- **EXERCISE DETAILS**
Write the data out again exactly, with no pictures.

- **DATA EXCERPT**
※ ※ ※
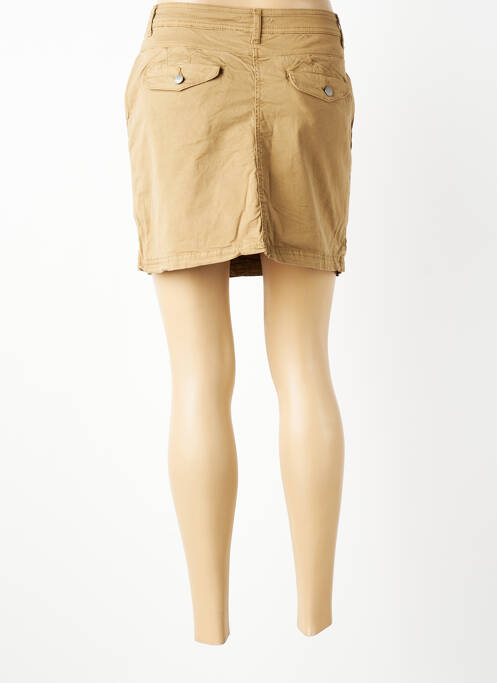 Jupe short fermeture zippée sous rabat boutonné marron DONA LISA femme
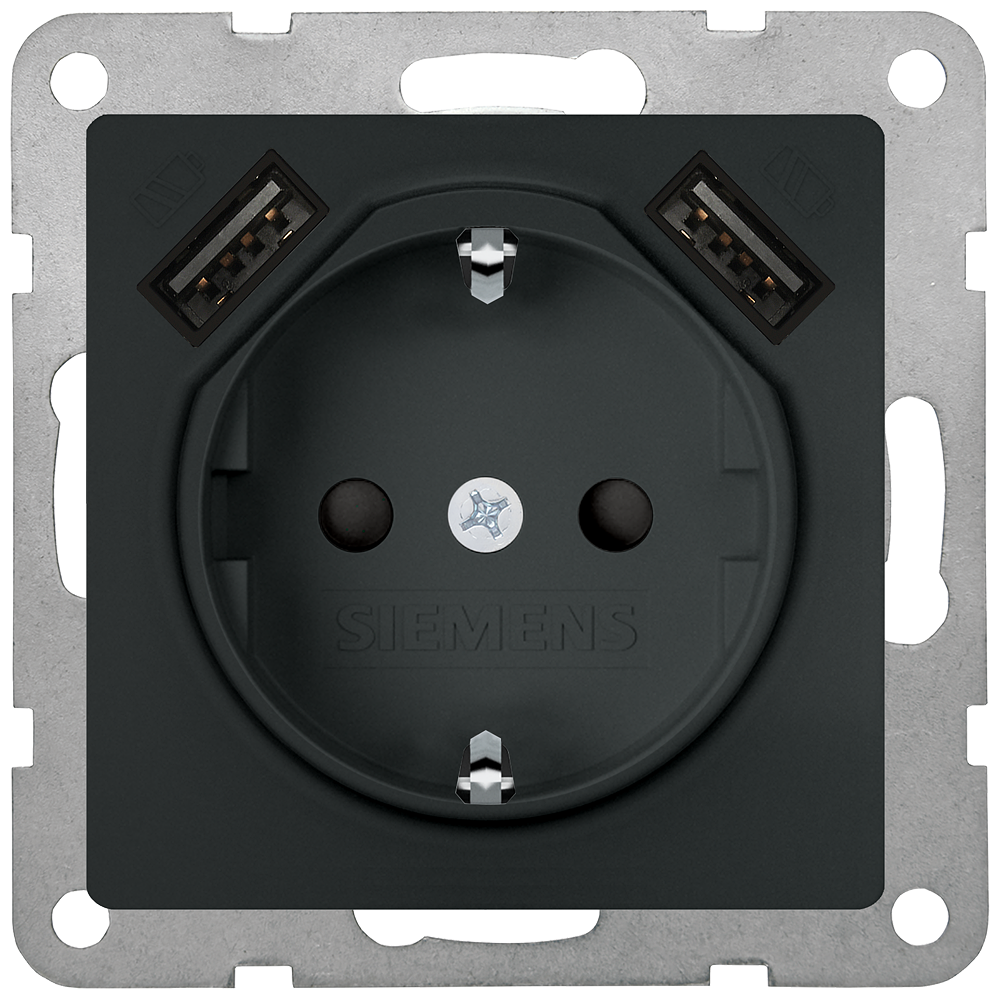 TOMADA SCHUKO COM CARREGADOR USB DUPLO CARBONO METÁLICO 5UB19700CM01 SIEMENS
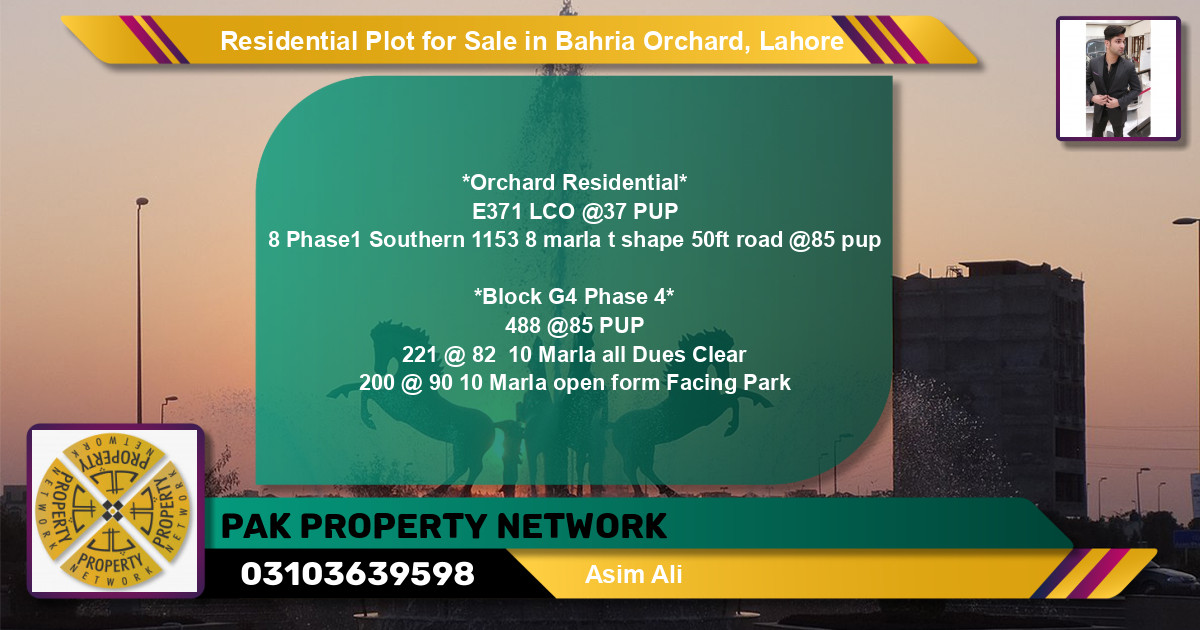 Residential Plot for Sale in Bahria Orchard, Lahore - (BP-123165)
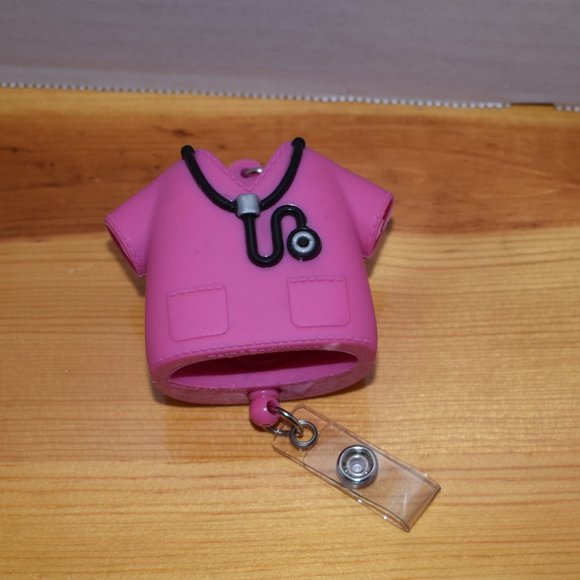 Pre-Owned Pink medical Scrub Field Hand Sanitizer Case Pocket Holder W/ Clip - Picture 3 of 10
※ ※ ※
- **RESULT**
 Jupe short fermeture zippée sous rabat boutonné marron DONA LISA femme
 TOMADA SCHUKO COM CARREGADOR USB DUPLO CARBONO METÁLICO 5UB19700CM01 SIEMENS
 Residential Plot for Sale in Bahria Orchard, Lahore - (BP-123165)
 Pre-Owned Pink medical Scrub Field Hand Sanitizer Case Pocket Holder W/ Clip - Picture 3 of 10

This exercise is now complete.